What is RADIO?
I often use the concept of RADIO (Redundant Array of Distributed Independent Objects) in my description of VSAN, as people need extra help in understanding why you don’t need RAID in a VMware Virtual SAN. It’s particularly applicable to storage, but the concept also applies to compute (CPU and RAM), and potentially to network virtualisation – but this article will focus on storage. Before I explain what is RADIO, let’s refresh on what RAID is;
- RAID is a redundant array of independent (or inexpensive) disks. Fundamentally, the data that you write to data storage is distributed amongst multiple devices so that if there is a failure of one disk, the data is already distributed amongst the surviving disks and so can be recovered (except RAID 0).
- There are multiple ‘flavours’ of RAID that provide recoverability and differing performance characteristics, but they share the same core requirements of expecting all disks to be the same size, same performance and connected to the same controller device (or controlling software).
- Once the RAID type (‘flavour’) has been set, all data in this RAID set shares the same parameters of performance, availability and accessibility – and this can be hard to change.
- RAID was invented as a response to the issue of spinning disks suffering from failures and losses that could not be tolerated within an enterprise environment, and to keep the data available after a loss.
- RAID has additional benefits in that a disk has performance limitations that can be a bottleneck, but distributing disk traffic amongst multiple disks can improve performance.
- RAID has an overhead that the amount of usable space is less than the raw space – this is often equal one disk in the set, but can equal two disks or even 50% of disks. Each different type of RAID also has their own penalty for writes whilst parity is calculated or written.
There is a lot more to be said about RAID, however I have focussed on the points that are relevant to this article. So, what is the difference to RAID and what is RADIO? (not to be confused with RAID10…)
What is RADIO?
RADIO differs from RAID in many subtle ways, starting with the point that not all devices (because they can be spinning disks, SSDs or Flash storage) need to be identical in size/capacity or performance. Additionally, because it is controlled by policy and software, not all devices need to be connected to the same controller device or use the same connectivity (e.g. SATA, SAS, PCIe). The policies regarding performance, availability and accessibility can be changed at the object level – which in VSAN’s case is the Virtual Machine disk level, instead of an entire data store.
With a Redundant Array of Distributed Independent Objects, data is distributed based on a policy defined for the requirements of the object (the VM), instead of defining a setting for disks that may end up holding data. This more granular approach is more dynamic in that decisions can be made for the needs of each system.
How does it work?
Instead of gathering a group of disks with the same capacity and performance under one controller, each system that is in the cluster will provide it’s resources to the pool of storage, and be able to consume resources from other members of the cluster. Simple enough, it’s a concept just like compute resources (RAM and CPU) in a virtual cluster – and in the same way you can either upgrade one host (add RAM or add storage capacity), or add new hosts to the cluster and their resources expand the pool for all members.
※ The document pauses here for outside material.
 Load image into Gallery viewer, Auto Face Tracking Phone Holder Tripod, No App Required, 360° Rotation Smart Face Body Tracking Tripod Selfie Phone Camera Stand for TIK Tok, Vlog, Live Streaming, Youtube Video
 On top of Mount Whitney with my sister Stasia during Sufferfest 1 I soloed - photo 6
If you had a miss-matched cluster of hosts that had different sizes of RAM and counts of CPU cores, your cluster would have characteristics that VMs would run faster on some hosts than on others – and you can define DRS rules and re-arrange machines to take advantage of this. In this scenario, a failure or removal of the fastest host would mean that VMs would run on slower hosts – but importantly they would still be available.
So, in a RADIO scenario, the storage for VMs is replicated by software to multiple distributed independent endpoints. These copies increase availability, but also this means that instead of all communication needing to go to a SAN (and SAN transport), data can be written to disk directly by the local storage controller – at the speed of the controller (e.g. 16Gbit/s in SATA 3.2) and with only one queue. If your RADIO cluster is miss-matched, then you can have a smaller number of very high speed devices for doing the actual work, but still have instantly available copies of the live data on lower cost storage media.
Do I need RAID with RADIO?
The whole point of RADIO is that it provides the capabilities of RAID for today’s scenarios, instead of trying to shoe-horn a 1987 technology (built to increase availability and performance over single disks) onto highly reliable and high performance disks and SSDs, If you use VSAN, you can’t use RAID, because the disks need to be presented to and managed by the hypervisor – and RAID gets in the way. With another scenario, you also want to avoid having an extra layer to manage and configure – because it’s not going to add any more benefits. RADIO provides all the redundancy you need with additional copies of the VM files, it enables obtaining higher performance by putting the disks directly at the control of the server (with no RAID controllers or SAN transport), and enhances scalability beyond a RAID set by moving the policy down to the more granular level of the VM.
As far as I know, this is the first time that the concept “RADIO” has been published. Feel free to re-use if it is relevant, and I would appreciate a credit.